As soon as I made the decision to set out on this new career path—pursuing my passion of helping others grow—I really ramped up my networking. I started gathering best practices and soliciting advice from trusted advisors on how to best leverage my 30 years of experience, as well as my desire to be the very best executive coach I can be. One of my greatest influencers has been my own coach. She has always been an ideal role-model of exceptional coaching, and gave me this outstanding piece of advice: “If you want to be a great coach, you need to be a great listener, and learn how to bring out the answers from others, instead of giving advice.”

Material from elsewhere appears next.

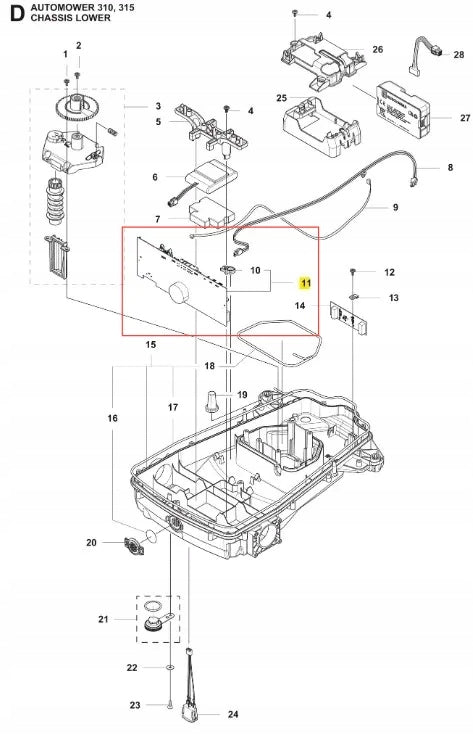 Control board for robotic mower AUTOMOWER 315 Husqvarna Manufacturer code 592851601
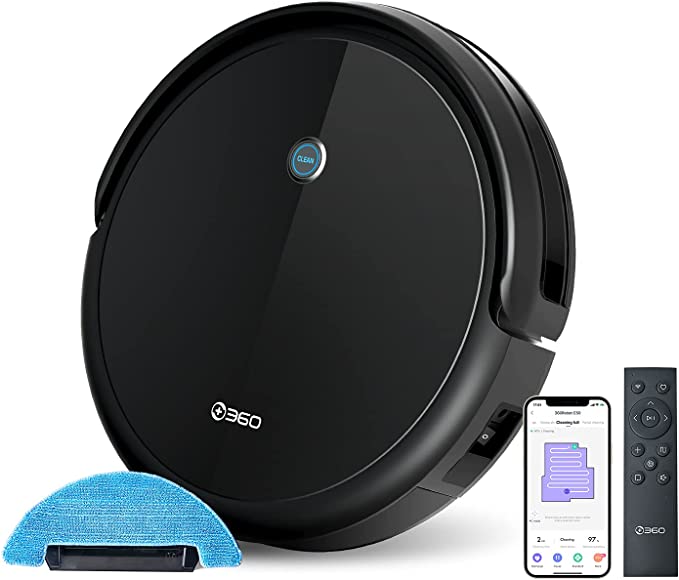 + 360 C50 Robot Vacuum and Mop, 2600 Pa, Zigzag Cleaning, Scheduled Cleaning, Edge, Spot, Deep Cleaning, Compatible with Alexa and Google Assistant, Black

To help me improve at these skills, she recommended I go through one of the certification training programs with the ICF (International Coaching Federation). Though I already have several distinguished coaching programs under my belt, hold an MBA, and have successfully developed many individuals, I pride myself on being a lifelong-learner, so I took her advice. I am so glad I did!
One of the biggest learnings for me has been around the topic of neuroscience—the scientific study of the brain and the leveraging of recent discoveries about how the brain works. I not only found the content fascinating, but it led to a major paradigm shift on my part—that when people come up with the solutions themselves, the learning is so much more impactful. As leaders, at some level we already know this intuitively, but studying the actual research around neuroscience and how the brain works was truly enlightening. By asking just the right questions in just the right ways, a person (such as a coach!) can help change another person’s perspectives, and lead them to those remarkable, self-propelled “aha” moments that have such impact.
Having reprogrammed my own brain, as a coach and leader I am now regularly applying these insights in my practice. Instead of giving a client the answer, or even too much advice, I’m helping them as leaders leverage neuroscience findings to discover their own solutions that improve their performance and that of their employees. It’s truly a Winning Result—the impact on my client is greater, as is the reward I feel as the coach!